Compulsory Pre-Deposit of Penalty
The Bill makes a substantial change to the existing Competition Act by providing that no appeal shall be entertained by the National Company Law Appellate Tribunal (NCLAT) against the order of CCI unless the appellant has deposited twenty-five per cent of that amount.
The industry has raised concern on the proposal by pointing out that the first appeal is a statutory right and such a rigorous stipulation of pre-deposit chips away at the right of the parties’ filing appeal.
Considering that penalties by CCI are huge, twenty-five per cent pre-deposit is “confiscatory” in nature.The industry bodies have urged the panel to delete the provision and to continue the existing scheme whereby Appellate Tribunal has the discretion to stipulate or not to stipulate any sum as a pre-condition for admission of appeals.
Presently, NCLAT requires pre-deposit of ten percent of the penalty amount at the admission stage and in some cases even this is not insisted upon considering the financial health of the parties.
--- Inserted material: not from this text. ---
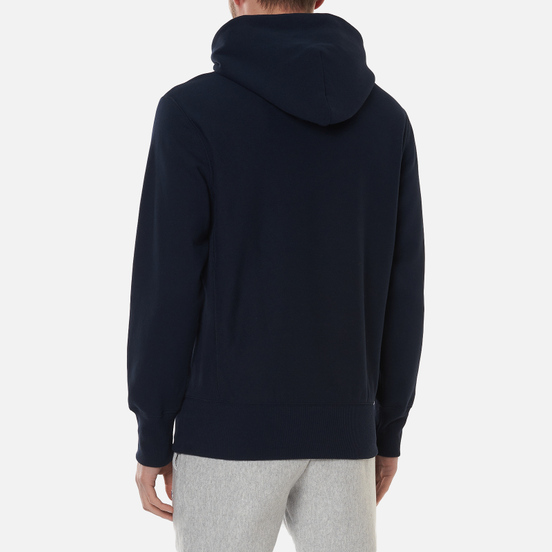 Мужская толстовка Champion Reverse Weave Big Script Hoodie New Navy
Settlement – Admission of Guilt?
The industry representatives have also highlighted ambiguity in the law on the aspects of admission of guilt as a necessary condition for filing settlement and commitment applications. The Bill for the first time in the Indian competition regime introduces settlement and commitment mechanism by enabling parties to offer commitments or otherwise settle the matter by making applications to CCI. However, the Bill is ambiguous as to whether admission of guilt is a condition precedent for making such applications. Industry has highlighted this aspect as any insistence by CCI on admission of guilt may expose the entities to compensation claims which may be filed by the aggrieved parties. This may not encourage the parties to make such applications and the whole proposal will become non-starter.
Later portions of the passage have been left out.